For all these reasons, I think at least five conservative justices will ultimately conclude that at least one plaintiff in Biden v. Nebraska (probably Missouri) does have standing. If so, they are likely to rule against the program on the merits. But I admit there is much more uncertainty on this issue than on the merits.
As I have pointed out before, the Biden Administration and its supporters have—in this case—been pushing ultra-narrow theories of standing traditionally associated with the political right. Those theories were wrong when advanced by conservatives, and are still wrong today.

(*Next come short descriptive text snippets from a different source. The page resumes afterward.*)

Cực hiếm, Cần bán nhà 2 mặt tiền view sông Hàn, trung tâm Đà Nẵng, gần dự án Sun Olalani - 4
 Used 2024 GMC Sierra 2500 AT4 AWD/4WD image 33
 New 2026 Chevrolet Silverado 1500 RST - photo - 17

He actually has several more paragraphs on the matter and, honestly, I have no strong opinion on the matter. Standing is very much an inside baseball legal issue and, in cases with such widespread implications, justices tend to find a way to grant it when they want to rule on the matter and deny it when they don’t.
My preference here, like Somin’s, is for the Court to issue a ruling on the merits. This isn’t some disgruntled citizen suing because he paid back his loan and he objects to others getting a free ride. The states have a stake in the outcome here.
Regardless, the argument on the merits is more interesting and, again, the two diverge considerably.
The justices are likely to strike down the program, moreover, despite the fact that the federal Heroes Act explicitly gives Secretary of Education Miguel Cardona broad authority to “waive or modify” many student loan obligations “as the Secretary deems necessary in connection with a war or other military operation or national emergency,” such as the Covid-19 pandemic. As it turns out, the most important question in American law is not what the law actually says, it is whether the nine justices on the Supreme Court think the policy is a good idea.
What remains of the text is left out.